EXTRACTED ENTRIES: Begin

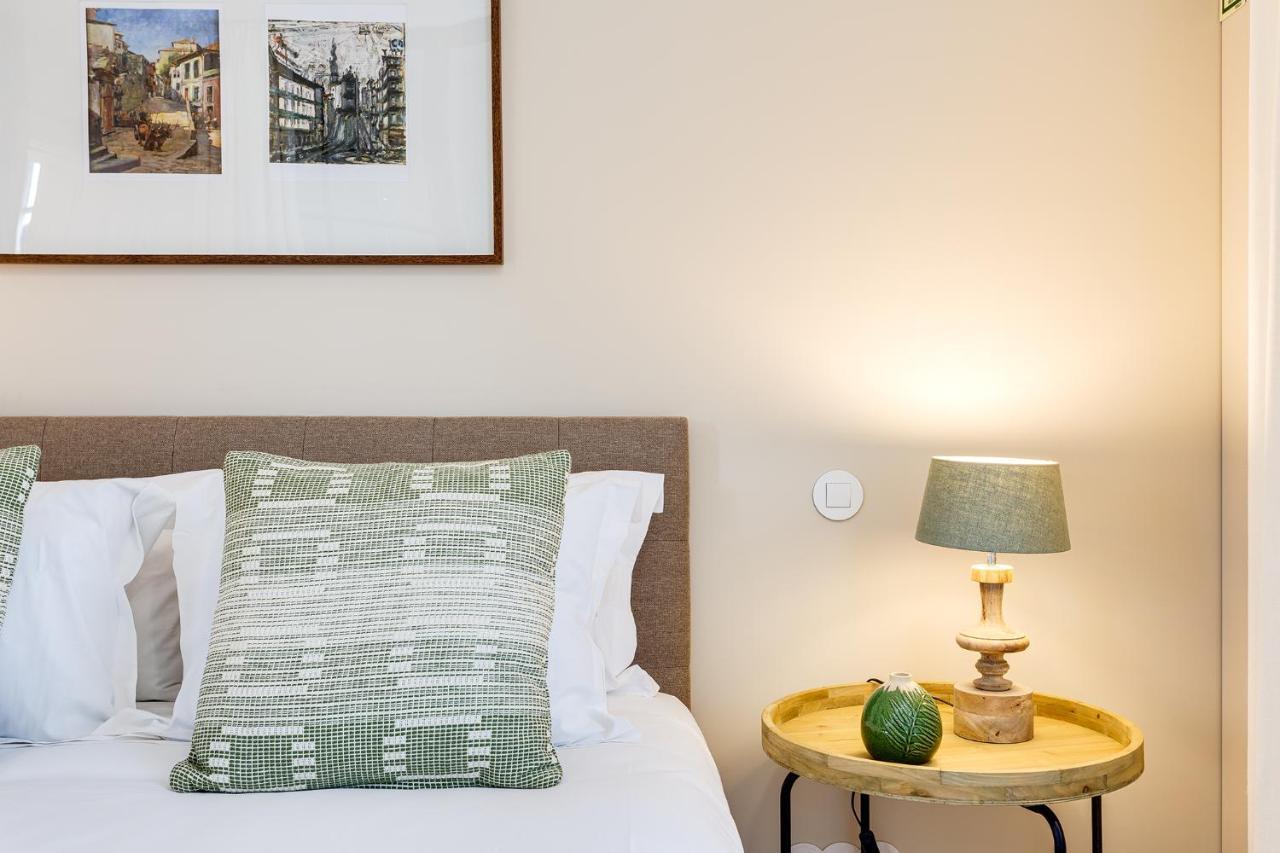 פורטו Jardins Da Muralha Apartments By Da'Home מראה חיצוני תמונה
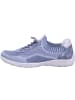 remonte Damen- Schnürschuhe  in Grau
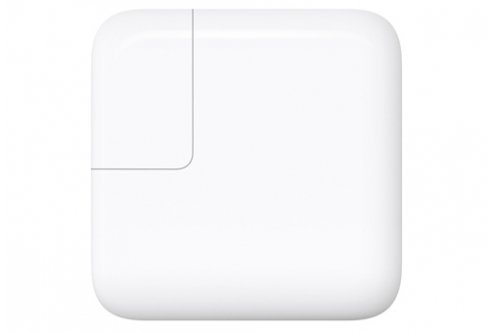 Сетевое зарядное устройство Apple USB-C мощностью 30 Вт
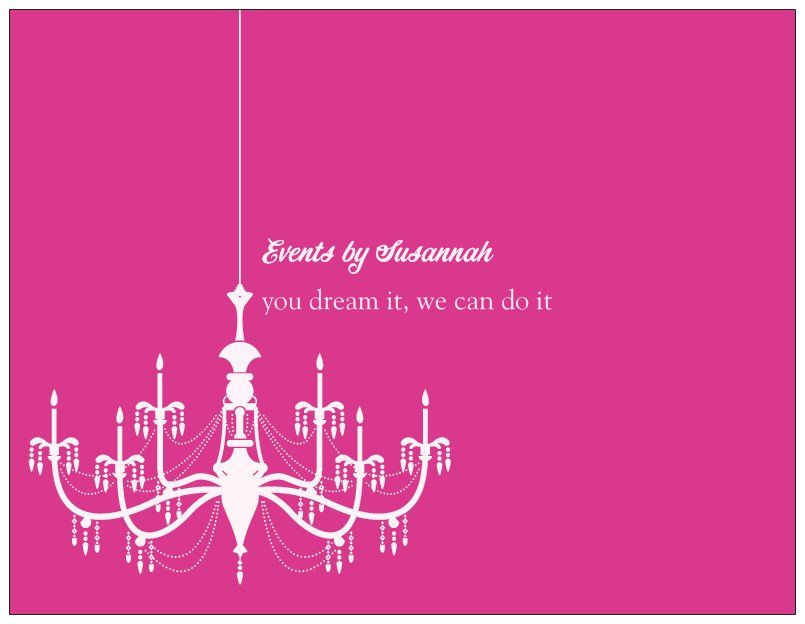 Events by Susannah - Logo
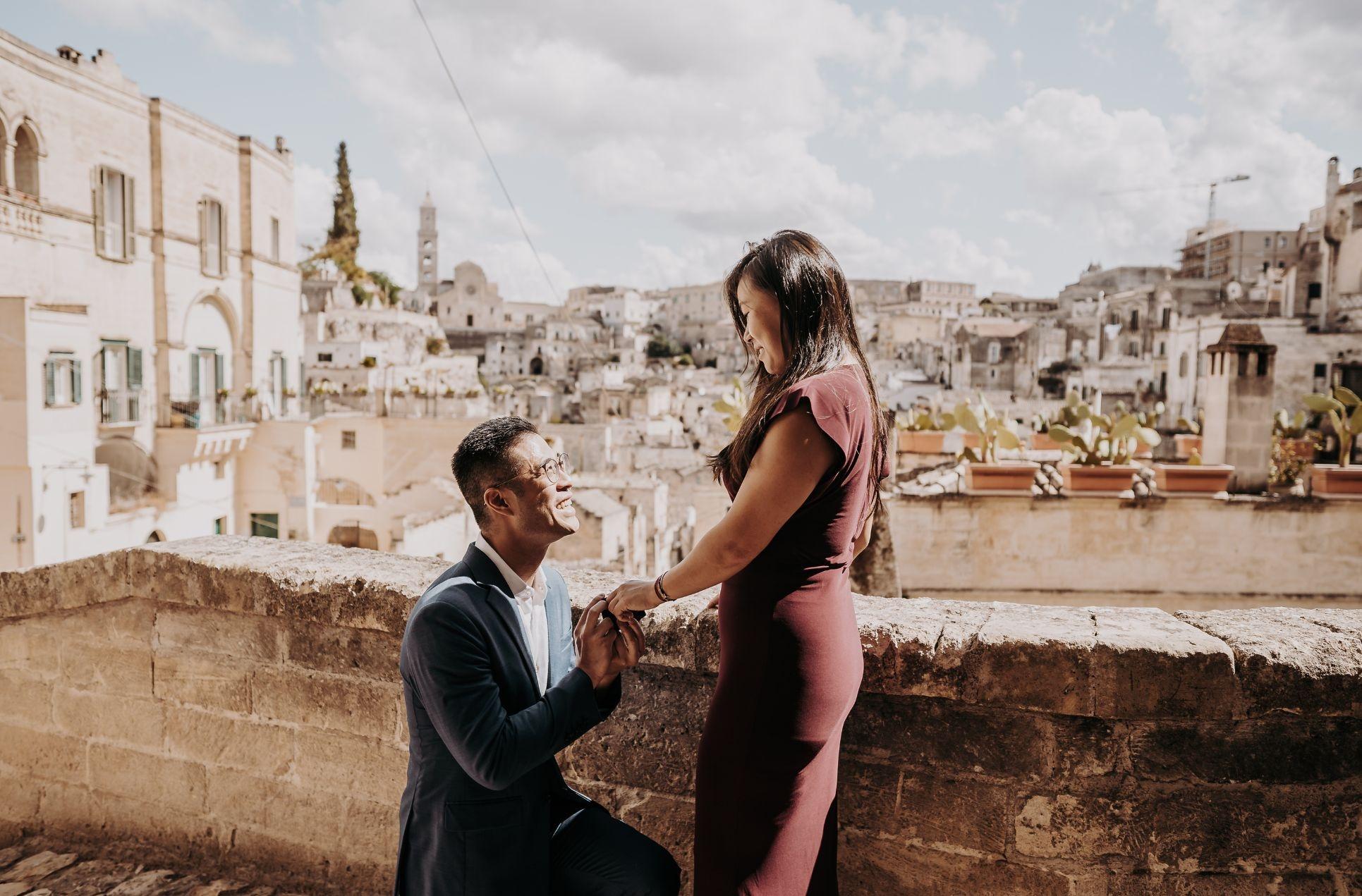 Marriage Proposal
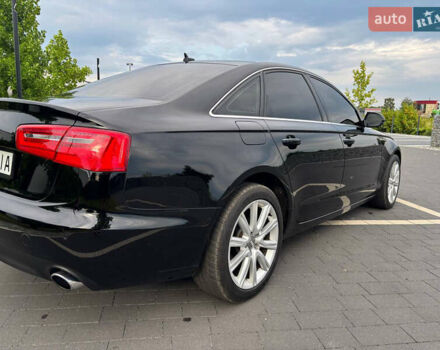 Ауди А6, объемом двигателя 2 л и пробегом 389 тыс. км за 11900 $, фото 8 на Automoto.ua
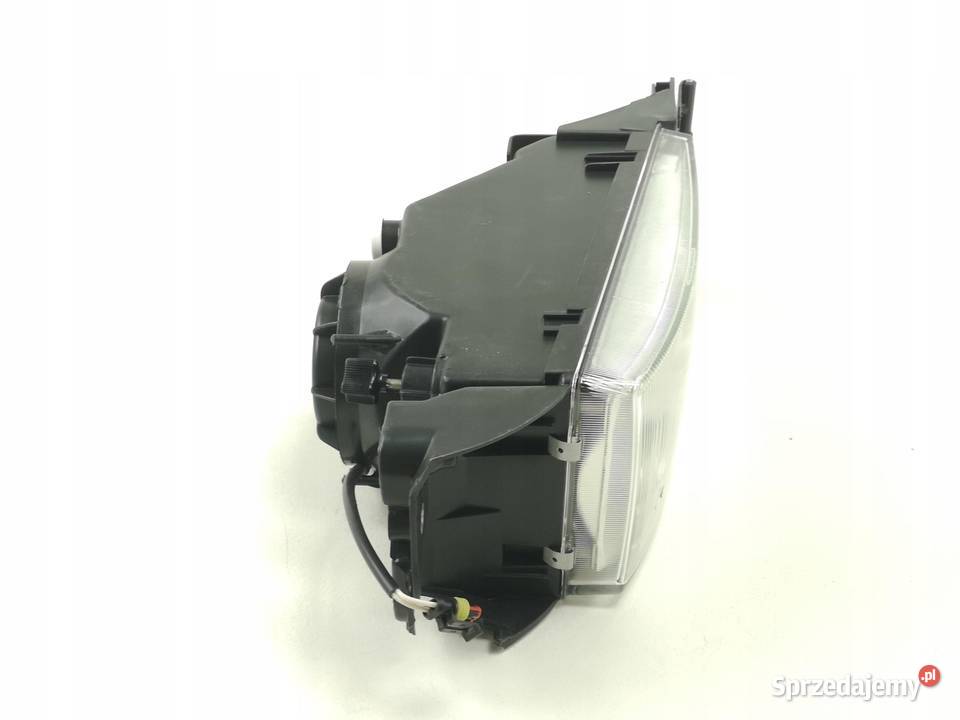 LAMPA PRAWY PRZÓD IVECO EUROCARGO I 2015 NOWA osobowe Lampy przeciwmgielne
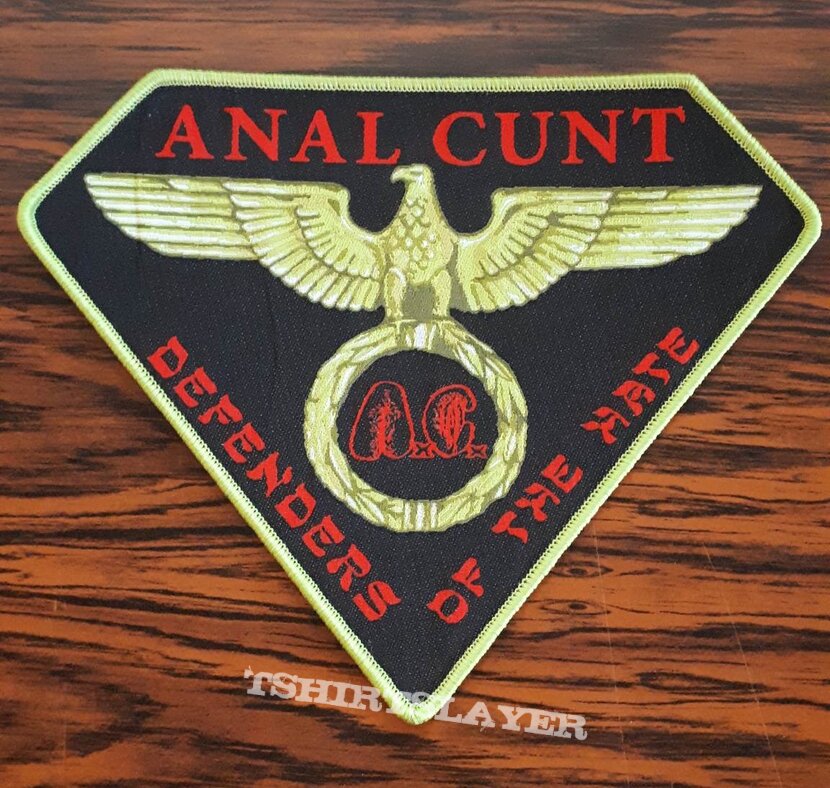 Anal Cunt Defenders of the PATCH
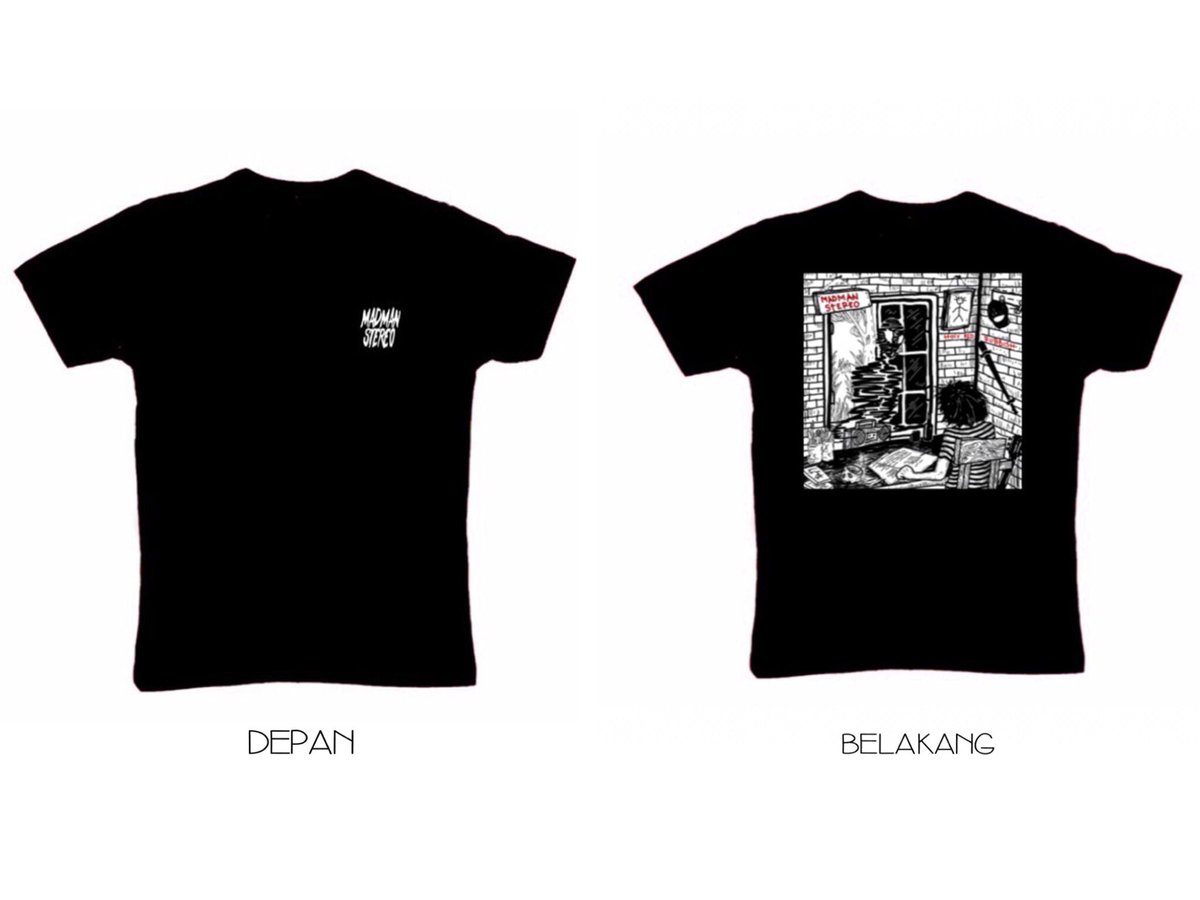 Madman Stereo tweet media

EXTRACTED ENTRIES: End

*PROBLEM STATEMENT*: Transcribe the records above verbatim. Do not carry over any picture.

*RESPONSE*:
 פורטו Jardins Da Muralha Apartments By Da'Home מראה חיצוני תמונה
 remonte Damen- Schnürschuhe  in Grau
 Сетевое зарядное устройство Apple USB-C мощностью 30 Вт
 Events by Susannah - Logo
 Marriage Proposal
 Ауди А6, объемом двигателя 2 л и пробегом 389 тыс. км за 11900 $, фото 8 на Automoto.ua
 LAMPA PRAWY PRZÓD IVECO EUROCARGO I 2015 NOWA osobowe Lampy przeciwmgielne
 Anal Cunt Defenders of the PATCH
 Madman Stereo tweet media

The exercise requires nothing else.